Para pemikir Aufklärung juga memperkenalkan gagasan bahwa hak-hak tertentu melekat secara kodrati pada manusia, dan tidak dapat dicabut oleh negara atau lembaga agama. Konsep hak asasi manusia yang universal ini, sebagaimana terlihat dalam karya-karya Locke, Voltaire, dan Kant, menyatakan bahwa setiap manusia memiliki hak atas kebebasan berpikir, beragama, berekspresi, dan hidup secara bermartabat.⁷ Ini menjadi dasar etika politik modern yang menuntut negara untuk tidak hanya melindungi, tetapi juga menjamin hak-hak tersebut dalam hukum positif dan konstitusi.

5.4.       Transformasi Sosial: Pendidikan, Toleransi, dan Kesadaran Kewargaan

Aufklärung juga mendorong transformasi sosial yang lebih luas melalui advokasi terhadap pendidikan rasional dan penyebaran literasi. Para pemikir seperti Condorcet dan Diderot menekankan pentingnya pendidikan publik sebagai sarana untuk membentuk warga negara yang bebas dan rasional.⁸ Pendidikan dianggap sebagai alat emansipasi dari ketidaktahuan dan ketundukan pada otoritas tradisional. Selain itu, kampanye untuk toleransi beragama—khususnya oleh Voltaire—mengubah pandangan sosial terhadap pluralitas keyakinan dan menantang praktik-praktik diskriminatif yang selama ini dilegitimasi oleh negara dan gereja.⁹

Kesadaran kewargaan juga meningkat melalui gagasan kontrak sosial dan partisipasi politik. Masyarakat mulai melihat diri mereka bukan sebagai subjek pasif dari penguasa, tetapi sebagai warga negara (citoyens) yang aktif, kritis, dan berhak ikut menentukan arah kebijakan publik.¹⁰ Dengan demikian, Aufklärung bukan hanya gerakan ide, tetapi revolusi dalam cara manusia memahami posisi dirinya dalam masyarakat.

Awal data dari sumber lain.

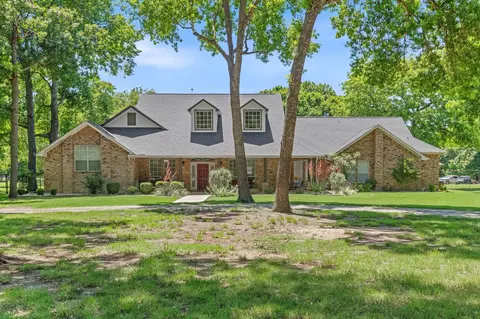 145 Indian Trl, Decatur, TX 76234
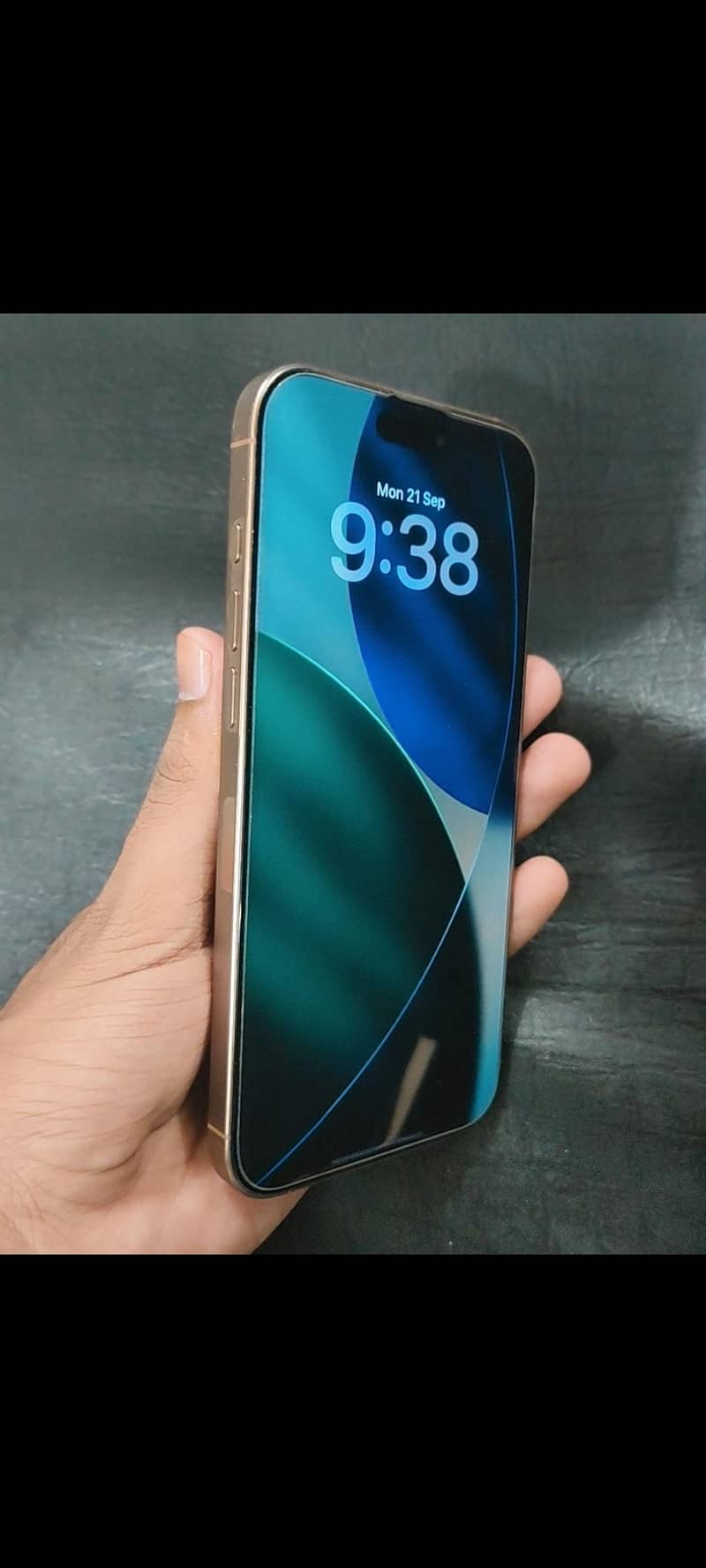 Apple iPhone 16 Pro Max 1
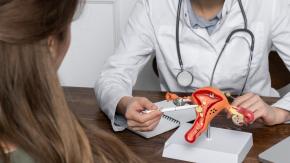 Día del Cáncer Cervicouterino: Un "enemigo silencioso" que mata a más de 600 mujeres al año en Chile y que así puedes prevenir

5.5.       Warisan Sosial-Politik dalam Dunia Modern

Warisan sosial-politik Aufklärung masih sangat terasa dalam tatanan dunia modern. Demokrasi liberal, sistem hukum konstitusional, hak-hak asasi manusia, dan pendidikan universal adalah pencapaian-pencapaian yang bersumber dari semangat pencerahan. Namun, sebagian kritik kontemporer menunjukkan bahwa warisan ini juga membawa tantangan, seperti rasionalisasi birokratis yang kaku, kolonialisme yang dibenarkan atas nama “kemajuan”, serta kesenjangan antara nilai-nilai universal dan praktik eksklusif di masyarakat modern.¹¹

Kendati demikian, semangat kritis, reflektif, dan emansipatoris dari Aufklärung tetap menjadi sumber daya moral dan intelektual dalam menghadapi krisis demokrasi, populisme, dan fundamentalisme dewasa ini.


Footnotes

[1]                John Locke, Two Treatises of Government, ed. Peter Laslett (Cambridge: Cambridge University Press, 1988), 287–290.

[2]                Thomas Jefferson, The Declaration of Independence (Philadelphia: Pennsylvania State House, 1776), preamble.

[3]                Jean-Jacques Rousseau, The Social Contract, trans. Maurice Cranston (London: Penguin Books, 1968), 59–65.

[4]                Simon Schama, Citizens: A Chronicle of the French Revolution (New York: Vintage Books, 1989), 98–102.

[5]                Montesquieu, The Spirit of the Laws, trans. and ed. Anne M. Cohler, Basia Carolyn Miller, and Harold Samuel Stone (Cambridge: Cambridge University Press, 1989), 155–158.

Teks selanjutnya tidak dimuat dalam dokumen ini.